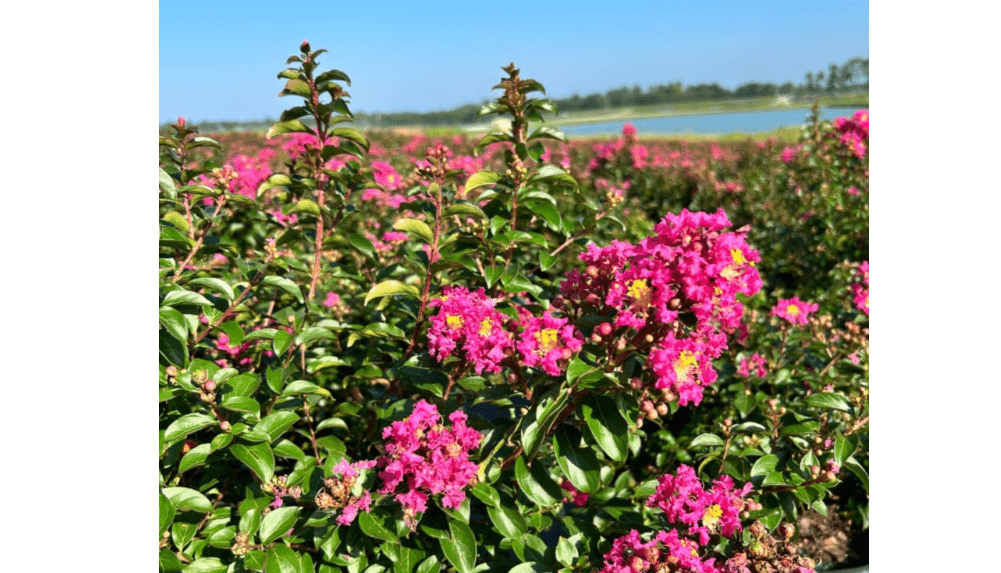  Crape Myrtle Pocomoke, 3 Gallon, Dwarf deciduous Shrub, Full Sun, Outdoor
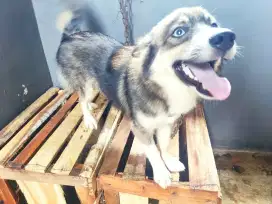 anak anjing campuran husky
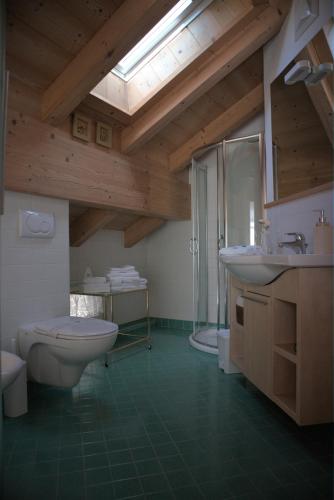 a bathroom with a toilet and a sink and a shower at B&B Casa Riz in Castello di Fiemme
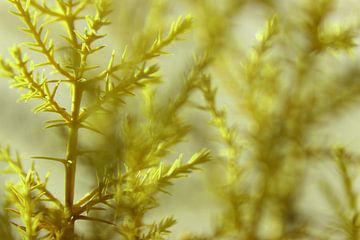 Close-up van verse groene takjes in de lente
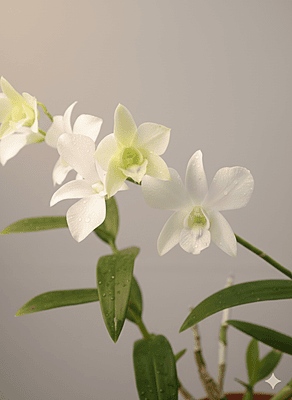 Dendrobium orchid - Near Flowring/Flowering - White
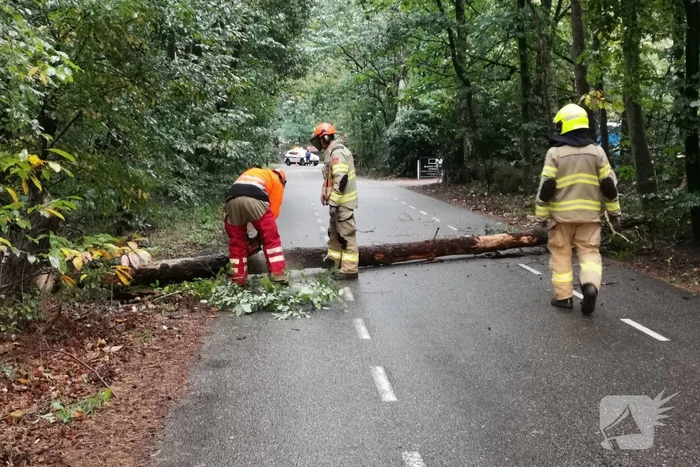 nieuws dikkenbergweg bennekom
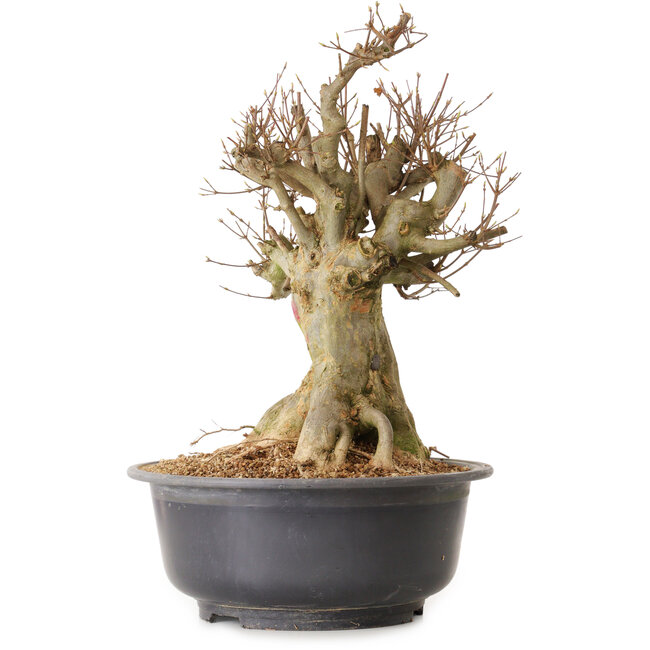 Acer buergerianum, 46 cm, ± 25 años, con un nebari de 28 cm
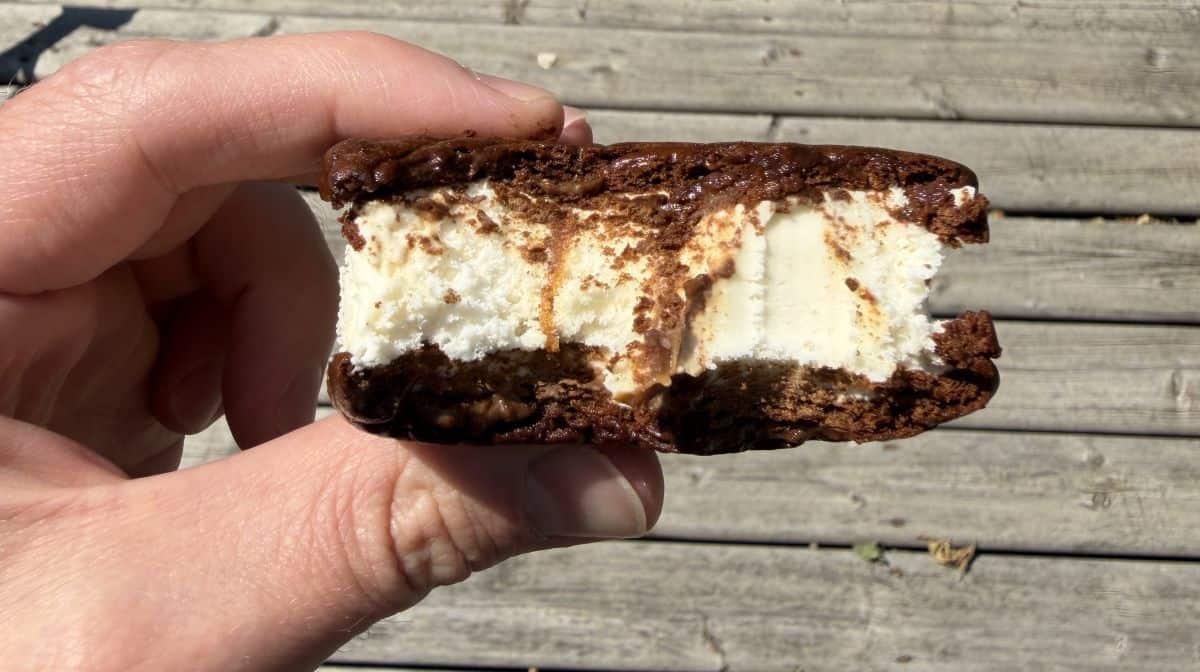 Image of a hand holding one ice cream sandwich with a few bites taken out of it so you can see the center of the ice cream sandwich.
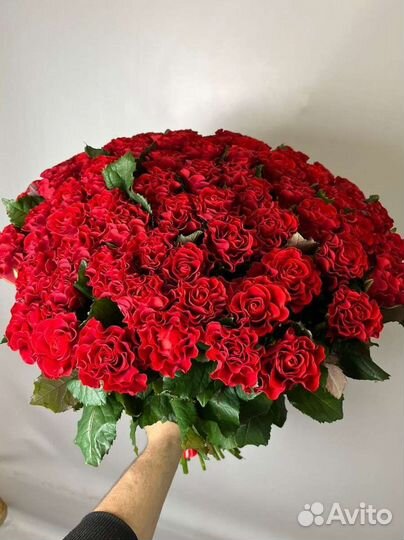 Голландские роза, букет из роз 25-101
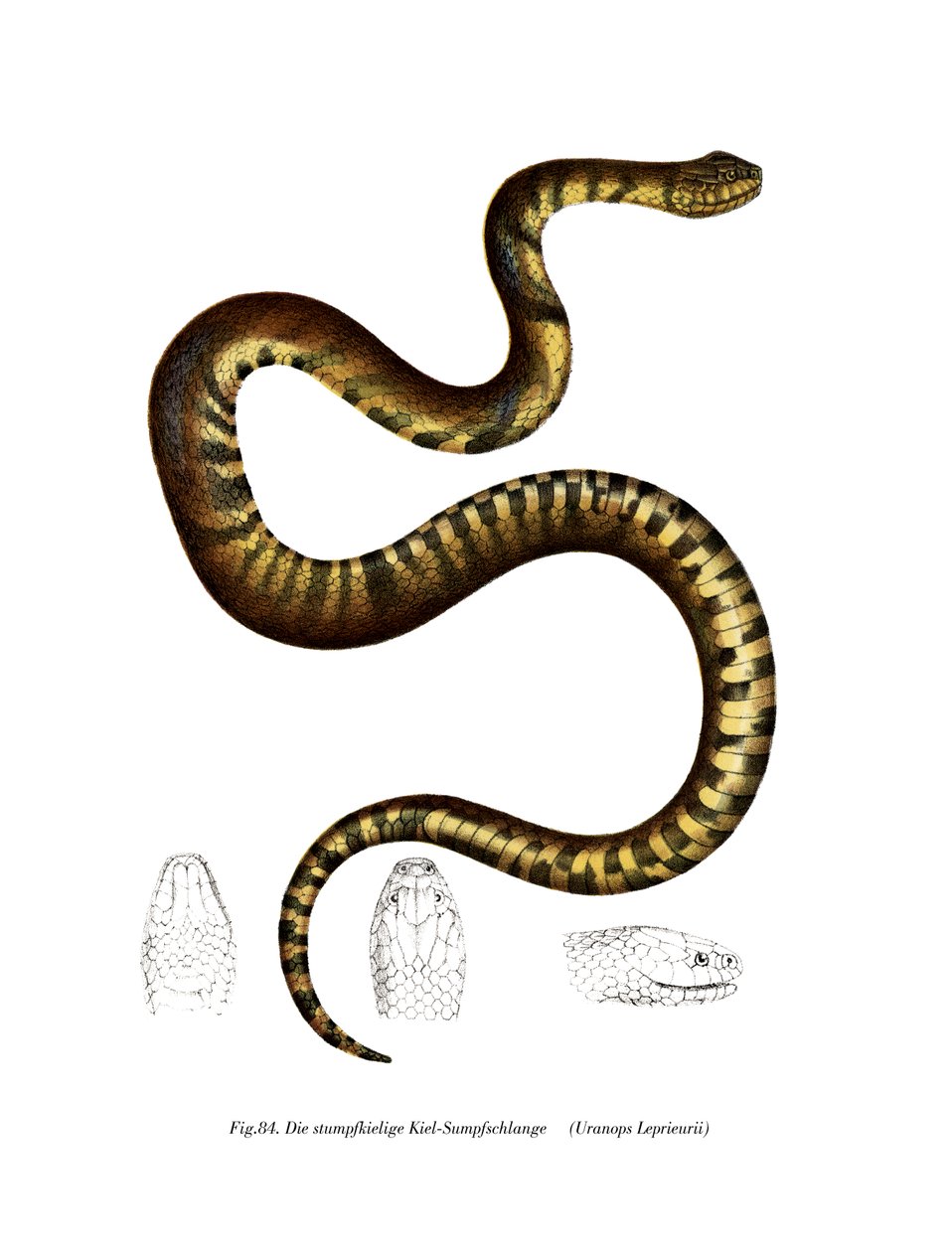 Cobra (cor litho) de German School
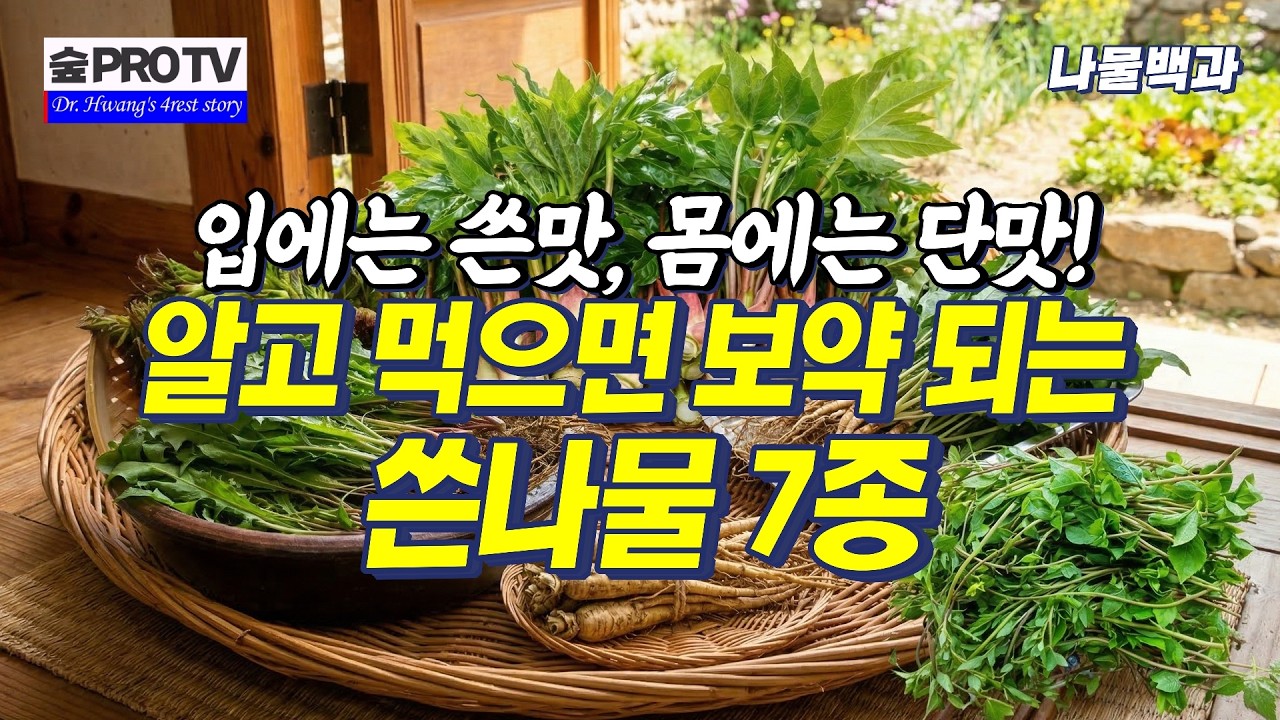 입에는 쓴맛 몸에는 단맛, 몸에 좋은 쓴 나물 7종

> Problem to work on
Begin at the top of the records above and retype each line exactly until the line containing "Image of a hand", which is included. Skip all pictures.

> Response
  Crape Myrtle Pocomoke, 3 Gallon, Dwarf deciduous Shrub, Full Sun, Outdoor
 anak anjing campuran husky
 a bathroom with a toilet and a sink and a shower at B&B Casa Riz in Castello di Fiemme
 Close-up van verse groene takjes in de lente
 Dendrobium orchid - Near Flowring/Flowering - White
 nieuws dikkenbergweg bennekom
 Acer buergerianum, 46 cm, ± 25 años, con un nebari de 28 cm
 Image of a hand holding one ice cream sandwich with a few bites taken out of it so you can see the center of the ice cream sandwich.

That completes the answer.